For drug manufacturers and medical device designers, the GDPR is only one of dozens of legal frameworks to navigate if they hope to offer their products on the international market. Throughout the design and development process and beyond, there are clinical trial guidelines, medical devices regulations and more than just the GDPR to worry about when it comes to medical and other personal data. The HIPPA regime in the US dates to 1996, preceding the old EU data privacy directive, as well as the GPDR; there is nothing new about the regulatory burden on the life sciences sector.

What is new is the level of scrutiny around the quality of data being employed in the clinical and device trial process. This is often accompanied by calls for greater disaggregation of datasets to ensure that women and minority groups are properly represented both in the trial process and in the analysis of the data trials generate. However, the more broken down a data set is, the harder it is to ensure it is properly anonymised or pseudonymised because individuals featuring in a data set that provides details on gender and ethnicity will inevitably be more easily identifiable. This means better clinical outcomes can be seen as incompatible with good data privacy practices.

Deadly data

Caroline Criado-Perez's recent best-selling book, Invisible Women, highlights the very real danger of treating male and female data as interchangeable for clinical research purposes. One of numerous examples she provides relates to trials in 2014, of a cardiac resynchronisation therapy device (a device that corrects a delay in the heart's electrical signals, shocking it out of irregular rhythms and reducing the risk of heart failure).

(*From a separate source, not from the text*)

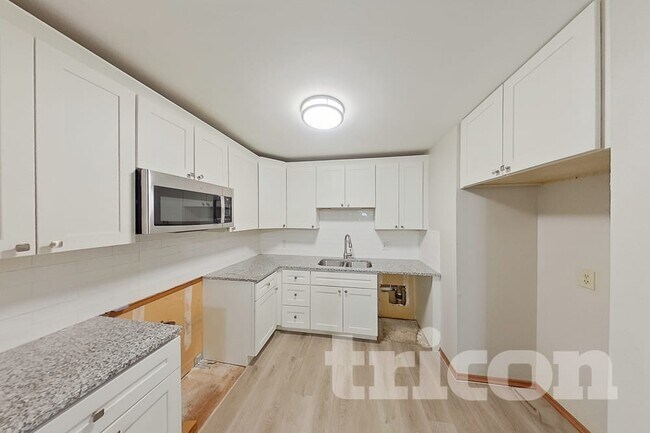 Foto del edificio - 1546 Grant Dr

In each trial the number of women included made up around 20% and disaggregating the data on the basis of sex would have revealed no statistically significant differences in outcome. It was found that overall, for patients whose hearts took more than 150 milliseconds to complete an electrical wave, the implantation of the device significantly increased the likelihood of early detection of heart failure.

However, when multiple studies were combined it was revealed that it took the women's hearts slightly less time on average (130 as opposed to 150 milliseconds) to complete a full electrical wave. Because the results were based largely on male outcomes, a significant number of women, who would have benefited from the device had the threshold been set lower based on their sex, were denied a potentially life-saving intervention.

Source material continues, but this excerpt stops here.